Le jeudi 14 Mars 2019 à Melbourne, la veille du début de la saison 2019 de F1 et du Grand-Prix d’Australie, le paddock est endeuillé par la disparition soudaine de Charlie Whiting. Directeur de course de la F1 depuis 1997, le britannique de 66 ans était un homme reconnu et apprécié par l’ensemble des acteurs du sport. Il connaissait la F1 mieux que quiconque et s’était rendu indispensable pour le bon fonctionnement d’un Grand-Prix. Mais alors que le Grand-Prix d’Australie débutait le lendemain de sa disparition, la FIA a du lui trouver un remplaçant en urgence.

Masi, le protégé de Charlie Whiting

La première expérience de Michael Masi en F1 remonte à 2010 et l’organisation du Grand-Prix inaugural de Corée du Sud. Mais l’australien de 42 ans a fait des gammes dans sa terre natale, notamment en Supercars et en Rally. Ce n’est qu’en 2018 qu’il va mettre un premier pied en Formule 1. La FIA décide de le nommer avec Scot Elkins comme adjoint de Charlie Whiting suite aux départs de Laurent Mekies (Ferrari) et Marcin Budkowsky (Renault). A l’issue de la saison 2018, Masi n’a qu’une dizaine de Grand-Prix passés aux côtés de Charlie Whiting. Pour 2019, la FIA prend la décision d’envoyer Elkins en Formule E et de laisser Masi aux côtés de Whiting sur toute la saison.

Hommage rendu à Charlie Whiting avant le départ du GP d’Australie 2019 (crédit: crash.net)
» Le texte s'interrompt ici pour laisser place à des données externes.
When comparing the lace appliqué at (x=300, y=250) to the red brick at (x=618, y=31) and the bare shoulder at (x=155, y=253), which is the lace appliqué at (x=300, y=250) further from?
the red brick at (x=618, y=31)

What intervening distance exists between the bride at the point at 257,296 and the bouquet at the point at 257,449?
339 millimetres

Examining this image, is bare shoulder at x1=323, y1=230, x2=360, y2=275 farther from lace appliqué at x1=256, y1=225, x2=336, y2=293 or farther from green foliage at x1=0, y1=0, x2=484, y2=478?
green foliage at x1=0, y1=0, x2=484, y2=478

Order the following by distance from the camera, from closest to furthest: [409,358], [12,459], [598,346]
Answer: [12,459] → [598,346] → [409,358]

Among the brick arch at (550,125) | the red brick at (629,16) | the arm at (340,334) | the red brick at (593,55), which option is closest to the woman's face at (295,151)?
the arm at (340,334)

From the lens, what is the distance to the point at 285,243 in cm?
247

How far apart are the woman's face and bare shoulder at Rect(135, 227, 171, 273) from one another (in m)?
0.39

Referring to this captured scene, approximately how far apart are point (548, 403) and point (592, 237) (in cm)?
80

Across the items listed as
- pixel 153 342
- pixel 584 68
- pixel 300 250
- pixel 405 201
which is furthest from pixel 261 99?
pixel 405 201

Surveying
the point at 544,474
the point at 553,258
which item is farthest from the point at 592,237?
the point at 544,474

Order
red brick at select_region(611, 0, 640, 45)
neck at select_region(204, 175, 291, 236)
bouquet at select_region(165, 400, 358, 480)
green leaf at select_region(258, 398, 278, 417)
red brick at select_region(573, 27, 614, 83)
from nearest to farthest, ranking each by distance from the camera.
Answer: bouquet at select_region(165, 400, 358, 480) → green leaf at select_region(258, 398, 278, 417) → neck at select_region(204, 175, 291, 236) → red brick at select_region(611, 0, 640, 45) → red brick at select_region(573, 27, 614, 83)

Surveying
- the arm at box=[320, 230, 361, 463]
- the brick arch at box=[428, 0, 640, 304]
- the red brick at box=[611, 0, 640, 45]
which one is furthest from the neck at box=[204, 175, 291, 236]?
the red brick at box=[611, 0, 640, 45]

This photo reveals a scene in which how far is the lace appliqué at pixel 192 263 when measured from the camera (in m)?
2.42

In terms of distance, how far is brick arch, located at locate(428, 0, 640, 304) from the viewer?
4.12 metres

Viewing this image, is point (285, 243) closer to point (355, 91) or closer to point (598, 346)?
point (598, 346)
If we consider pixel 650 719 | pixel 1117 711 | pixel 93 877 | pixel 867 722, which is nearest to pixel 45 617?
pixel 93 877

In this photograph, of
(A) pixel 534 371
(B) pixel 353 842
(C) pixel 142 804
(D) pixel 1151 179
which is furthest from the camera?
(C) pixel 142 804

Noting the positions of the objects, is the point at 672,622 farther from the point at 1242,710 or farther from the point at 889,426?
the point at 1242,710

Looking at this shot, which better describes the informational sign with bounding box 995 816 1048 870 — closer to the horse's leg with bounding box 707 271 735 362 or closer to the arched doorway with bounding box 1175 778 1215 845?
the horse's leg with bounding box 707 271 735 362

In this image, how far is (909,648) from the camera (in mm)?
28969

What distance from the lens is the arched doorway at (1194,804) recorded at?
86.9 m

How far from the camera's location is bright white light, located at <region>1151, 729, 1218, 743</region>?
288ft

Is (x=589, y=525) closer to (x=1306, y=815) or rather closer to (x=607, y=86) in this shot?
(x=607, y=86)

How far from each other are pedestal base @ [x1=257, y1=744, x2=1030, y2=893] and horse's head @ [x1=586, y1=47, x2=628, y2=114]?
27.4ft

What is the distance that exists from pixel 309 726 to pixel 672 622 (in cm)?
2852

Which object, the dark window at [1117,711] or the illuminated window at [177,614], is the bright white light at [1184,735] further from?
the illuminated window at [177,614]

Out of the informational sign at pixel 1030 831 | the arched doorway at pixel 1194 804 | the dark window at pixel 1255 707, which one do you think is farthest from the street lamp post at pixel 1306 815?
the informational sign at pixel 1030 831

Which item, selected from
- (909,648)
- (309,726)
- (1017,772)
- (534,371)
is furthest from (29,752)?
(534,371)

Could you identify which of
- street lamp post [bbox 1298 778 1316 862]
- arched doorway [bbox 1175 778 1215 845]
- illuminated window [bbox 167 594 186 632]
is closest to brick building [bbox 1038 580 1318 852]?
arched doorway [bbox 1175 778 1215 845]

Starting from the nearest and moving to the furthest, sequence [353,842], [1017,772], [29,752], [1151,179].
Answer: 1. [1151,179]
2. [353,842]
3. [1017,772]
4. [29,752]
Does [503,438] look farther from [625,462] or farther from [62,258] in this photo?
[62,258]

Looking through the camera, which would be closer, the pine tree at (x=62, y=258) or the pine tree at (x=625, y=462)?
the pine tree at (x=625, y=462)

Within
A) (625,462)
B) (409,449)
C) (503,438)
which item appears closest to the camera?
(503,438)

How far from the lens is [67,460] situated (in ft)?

Le décès de Whiting change évidemment les choses pour Masi, qui est propulsé au poste de directeur de course. Malgré sa faible expérience en F1, Masi dit avoir les compétences nécessaires pour assurer sa fonction. Cependant, il a avoué que deux ou trois ans supplémentaires aux côtés de son « mentor » n’auraient pas été de trop. D’autant plus que la Formule 1 possède des caractéristiques uniques par rapport aux autres catégories. De plus, la place qu’a occupé Charlie Whiting pendant toutes ces années a été centrale et le remplacer n’est pas une mince affaire. Beaucoup d’acteurs de la F1 se sont exprimés suite à son décès, en soulignant son irremplaçabilité.

La première saison de Masi en F1

Le premier Grand-Prix de Michael Masi a été selon lui un des plus difficiles de sa carrière. La course en elle-même s’est déroulée de manière paisible mais le décès de Charlie Whiting est encore présent dans toutes les têtes à ce moment-là. Le début de saison se passe assez tranquillement pour Masi. Il prend ses marques petit à petit et l’ensemble du paddock fait en sorte que son acclimatation se passe au mieux.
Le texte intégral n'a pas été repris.